Groq optimization playbook
- Pick the smallest model that meets the SLA.
- Batch lanes + prompt caching where applicable.
- Exploit long context to reduce chunking and extra calls.
- For enterprise tiers, negotiate based on volume/latency SLOs.
Pros & Cons


A Simple Decision Tree
- Need Claude/closed models or heavy governance? → Bedrock
- Open-model app where latency = UX & margin? → Groq
- Both pressures exist? → Hybrid:
- Groq for 80–90% of traffic (fast/cheap)
- Bedrock as fallback (complex prompts, safety-critical, proprietary models)
- Add routing + confidence thresholds + batch for offline
FAQ
Q: When should I switch from Bedrock to Groq (or add it)?
A: When latency UX matters and open models meet your quality bar; or when your COGS per token starts to bite and batch/caching/provisioned aren’t enough.
Q: Can Bedrock match Groq pricing?
A: For many open-model workloads, not out-of-the-box. With batch + provisioned + smaller models + caching, you can meaningfully close the gap, especially for predictable traffic.
Q: Do I lose reliability with Groq?
A: You’ll likely gain speed and lower cost; reliability depends on region/capacity and your architecture.

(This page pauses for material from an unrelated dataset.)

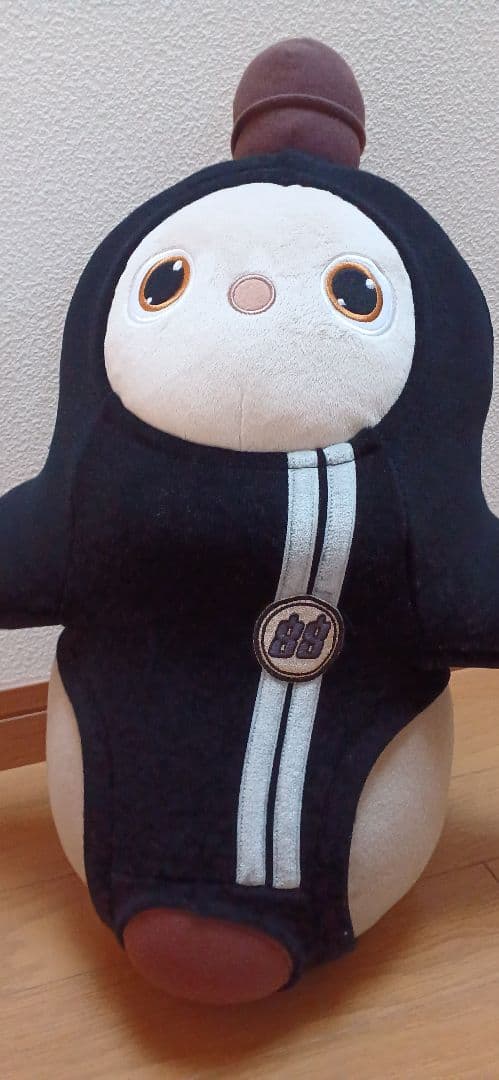 ⭐LOVOT公式　等身大ぬいぐるみ (黒レーシングベースウェア付き)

Many teams pair Groq with a Bedrock (or other) fallback.
Q: What about future-proofing?
A: Groq tends to support new open releases quickly (e.g., Llama-4). Bedrock keeps expanding vendors, features, and latency-optimized modes. Keep both options live; let routing decide.
Final Take
- Choose Bedrock for breadth, governance, and platform.
- Choose Groq for speed, open-model economics, and long contexts.
- Choose both when you care about all three: cost, latency, compliance.
If you run AI at scale, don’t marry a single provider. Put routing, observability, and cost controls in front, and treat inference like any other tier of your stack: benchmarked, multi-homed, and relentlessly optimized.